YOUR TASK
Quote word for word from the line holding "Mehran Spice Dahi Bara Mix 150g" to the last line below, including both, and omit any pictures.

AVAILABLE DATA
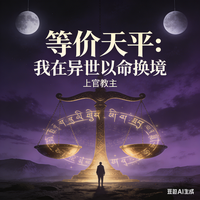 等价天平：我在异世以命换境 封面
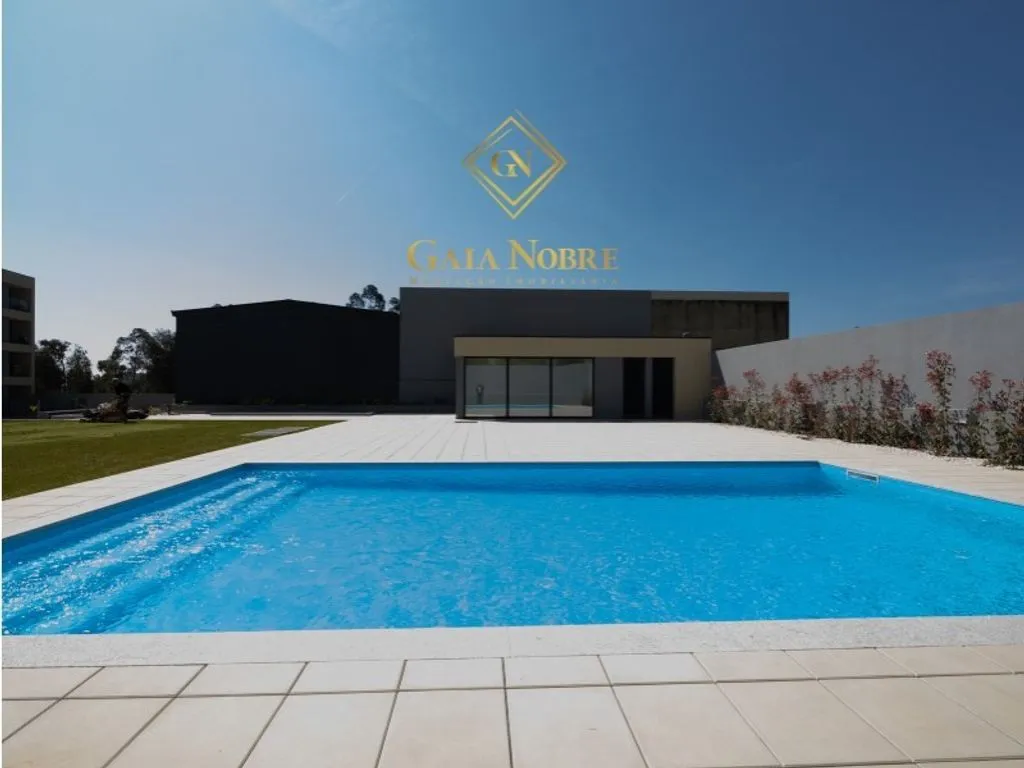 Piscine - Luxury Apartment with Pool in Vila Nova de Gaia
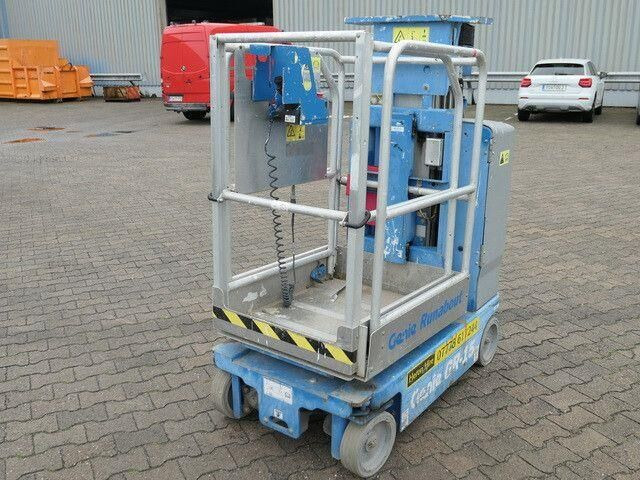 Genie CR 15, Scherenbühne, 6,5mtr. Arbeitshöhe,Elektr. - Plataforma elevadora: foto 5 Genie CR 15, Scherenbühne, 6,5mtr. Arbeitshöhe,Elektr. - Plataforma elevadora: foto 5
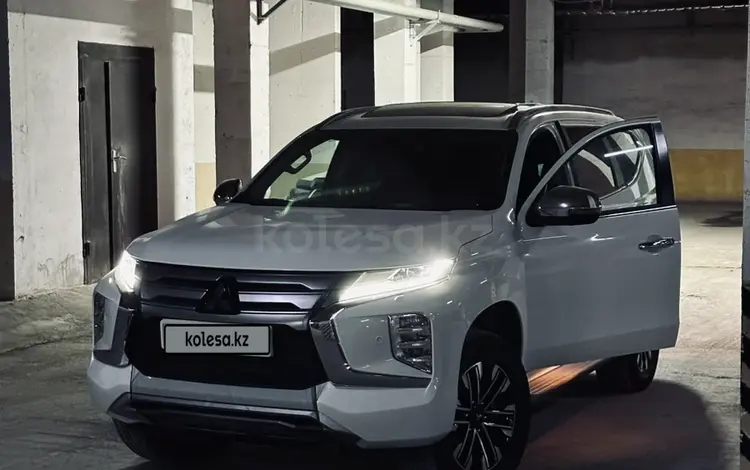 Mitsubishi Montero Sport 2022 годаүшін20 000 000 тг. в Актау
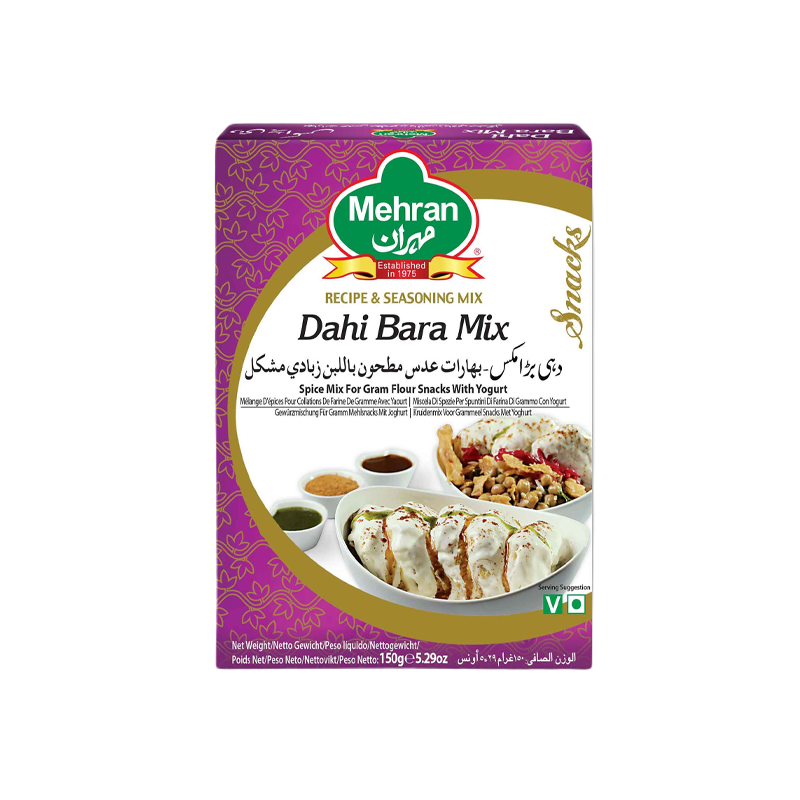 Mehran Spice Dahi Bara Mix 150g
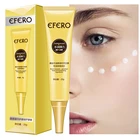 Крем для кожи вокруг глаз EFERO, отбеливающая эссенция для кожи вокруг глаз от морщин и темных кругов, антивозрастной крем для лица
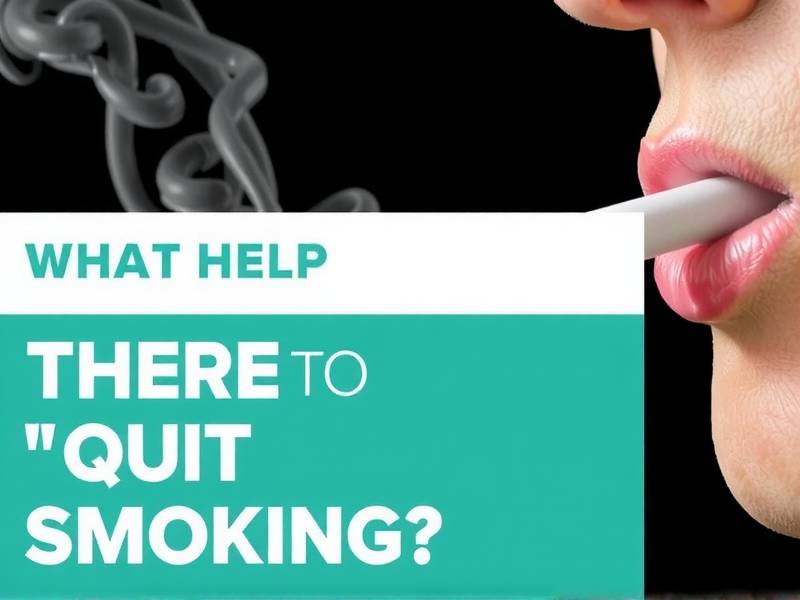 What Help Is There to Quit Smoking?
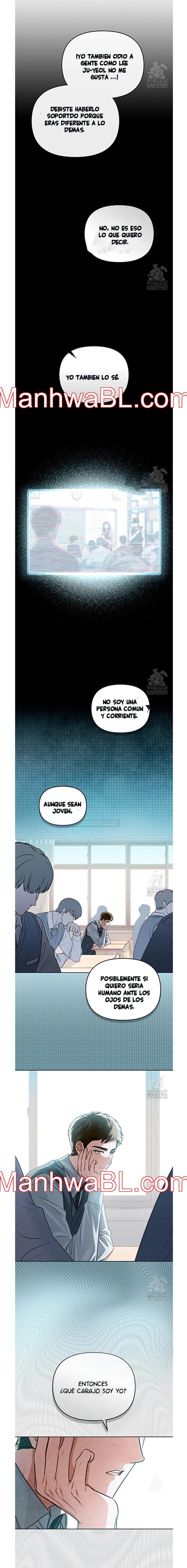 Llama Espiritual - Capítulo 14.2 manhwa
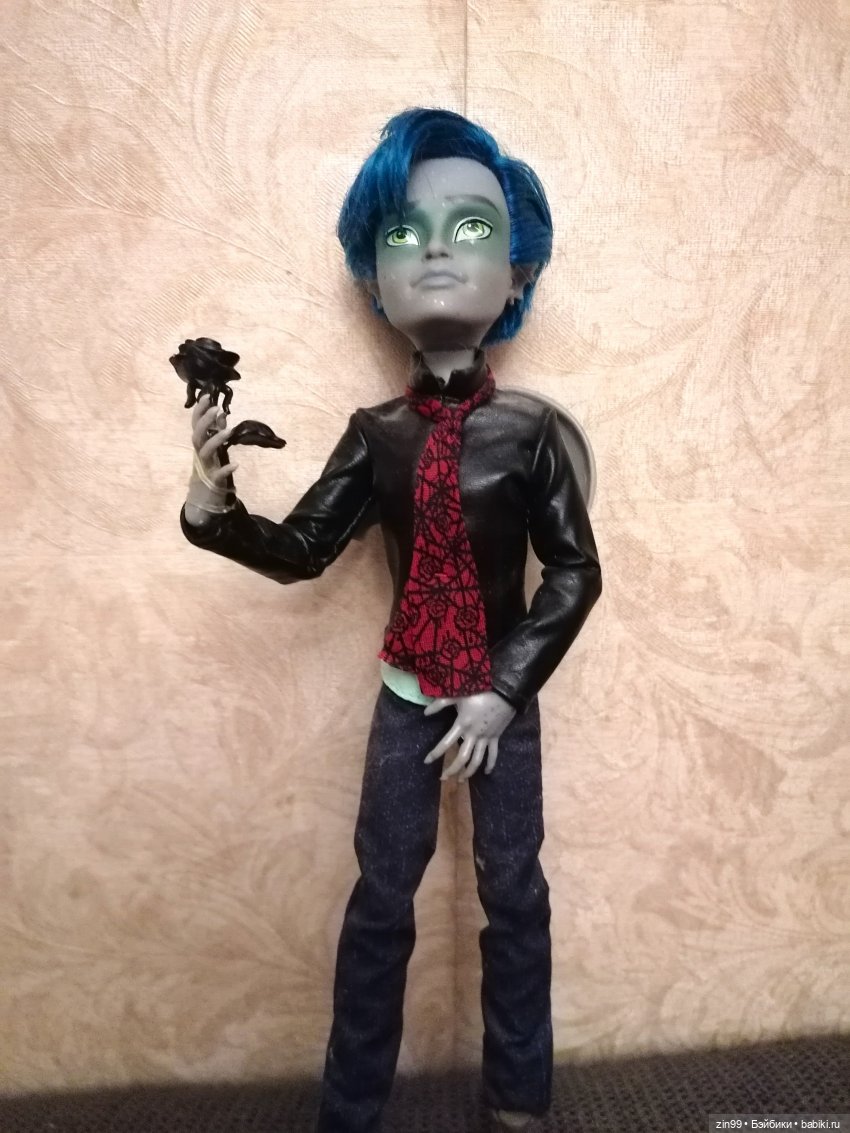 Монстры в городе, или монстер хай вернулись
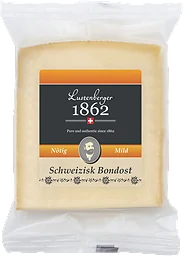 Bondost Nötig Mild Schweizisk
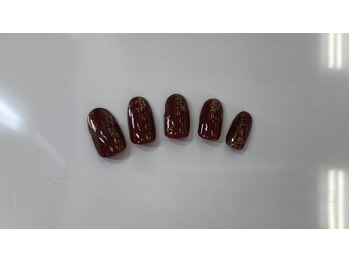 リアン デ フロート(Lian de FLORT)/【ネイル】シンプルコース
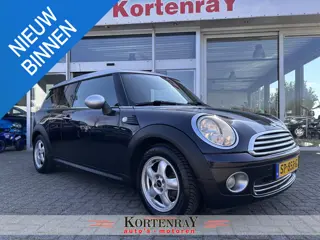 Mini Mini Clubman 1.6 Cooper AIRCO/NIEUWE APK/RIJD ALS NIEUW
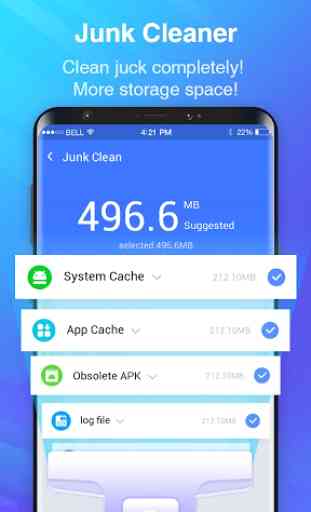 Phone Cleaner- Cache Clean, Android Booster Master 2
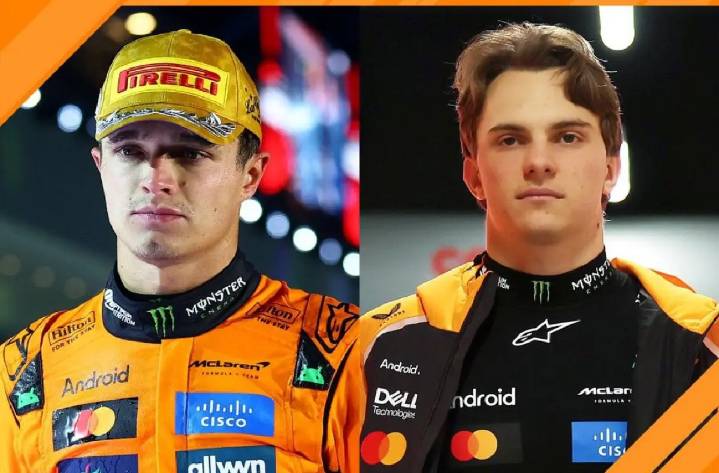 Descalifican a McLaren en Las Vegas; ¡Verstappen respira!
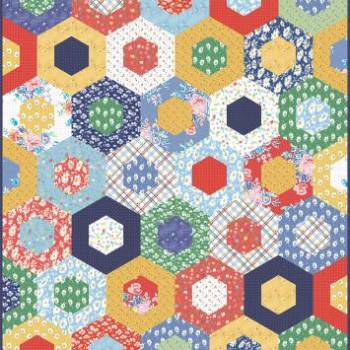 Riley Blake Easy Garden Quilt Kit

RESULT OF THIS EXERCISE
 Mehran Spice Dahi Bara Mix 150g
 Крем для кожи вокруг глаз EFERO, отбеливающая эссенция для кожи вокруг глаз от морщин и темных кругов, антивозрастной крем для лица
 What Help Is There to Quit Smoking?
 Llama Espiritual - Capítulo 14.2 manhwa
 Монстры в городе, или монстер хай вернулись
 Bondost Nötig Mild Schweizisk
 リアン デ フロート(Lian de FLORT)/【ネイル】シンプルコース
 Mini Mini Clubman 1.6 Cooper AIRCO/NIEUWE APK/RIJD ALS NIEUW
 Phone Cleaner- Cache Clean, Android Booster Master 2
 Descalifican a McLaren en Las Vegas; ¡Verstappen respira!
 Riley Blake Easy Garden Quilt Kit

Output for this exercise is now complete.